Is there any truth to the "Five-Second Rule?" Researchers actually decided to find out.

Many of us are well-aware of the urban myth in which food that has been dropped on the floor can be eaten if picked up quickly. Although this rule appears to be more widely utilized for things such as chocolate instead of broccoli, should it utilized at all?

Researchers at Clemson University published the first and only peer-reviewed journal article about the "Five-Second Rule" in the Journal of Applied Microbiology.

"We wanted to know if the length of time food is in contact with a contaminated surface affected the rate of transfer of bacteria to the food," said Dr. Paul Dawson, professor of Food Science at Clemson University.

Dawson’s team contaminated pieces of carpet, tile, or wood with Salmonella bacteria. Five minutes later, researchers placed bread or bologna on top for five, 30, or 60 seconds.

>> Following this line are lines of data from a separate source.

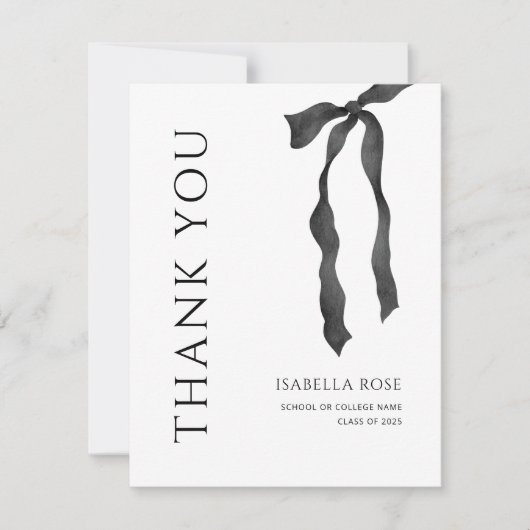 ミニマルモダンエレガントシンプルBow卒業 サンキューカード (正面)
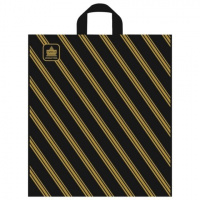 Пакет с петлевой ручкой Тико-Пластик Золотая полоса ПНД, 40x44см, 43мкм, с рисунком, 50шт/уп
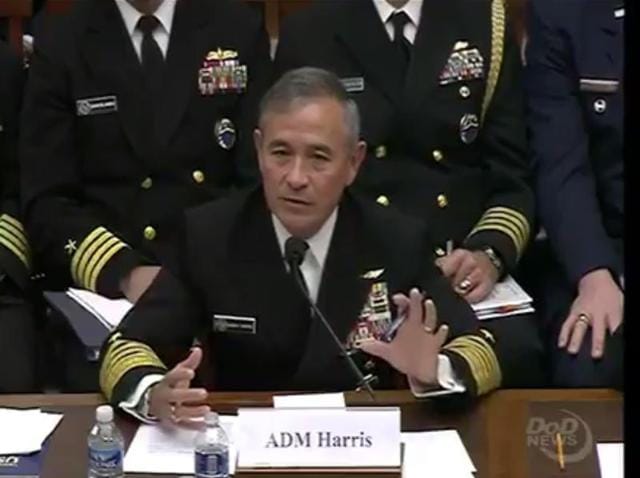 Admiral Harry B Harris, the US Pacific Command chief, said that the four countries should be involved in a security dialogue focussing on freedom of navigation in international waters.(twitter/@PacificCommand) Admiral Harry B Harris, the US Pacific Command chief, said that the four countries should be involved in a security dialogue focussing on freedom of navigation in international waters.(twitter/@PacificCommand)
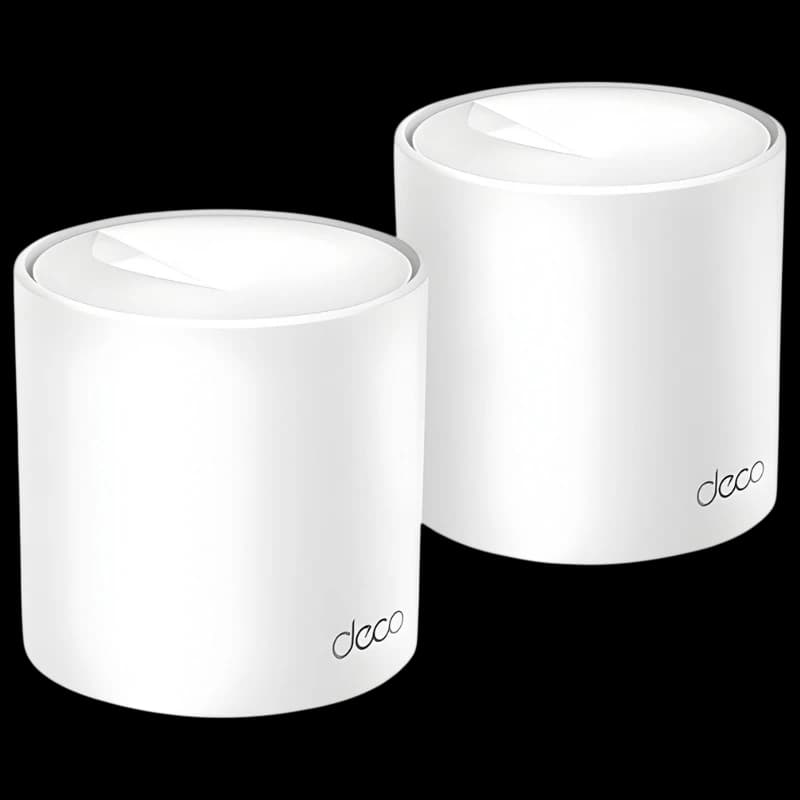 TP-Link Deco X10 Wi-Fi 6 Pack de 2 répéteurs blancs cylindriques compacts avec finition mate et logo déco discret, design minimaliste pour maison moderne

The procedure was also replicated after the surface had been contaminated for two, four, eight, and 24 hours.

In the end, the amount of bacteria was not dependent on how long the food was placed on the surface. However, the degree of contamination did play a role, and certain surfaces absorbed more bacteria than others.

"Carpets, for instance, seem to be slightly better places to drop your food than wood or tile," Dawson explained. "When carpet was inoculated with Salmonella, less than 1% of the bacteria were transferred. But when the food was in contact with tile or wood, 48%-70% of bacteria transferred."

Although the chances of "extremely virulent" bacteria being on most surfaces is quite low, we might want to reconsider using the "Five-Second Rule."

"So the next time you consider eating dropped food, the odds are in your favor that you can eat that morsel and not get sick," Dawson said. "But in the rare chance that there is a microorganism that can make you sick on the exact spot where the food dropped, you can be fairly sure the bug is on the food you are about to put in your mouth."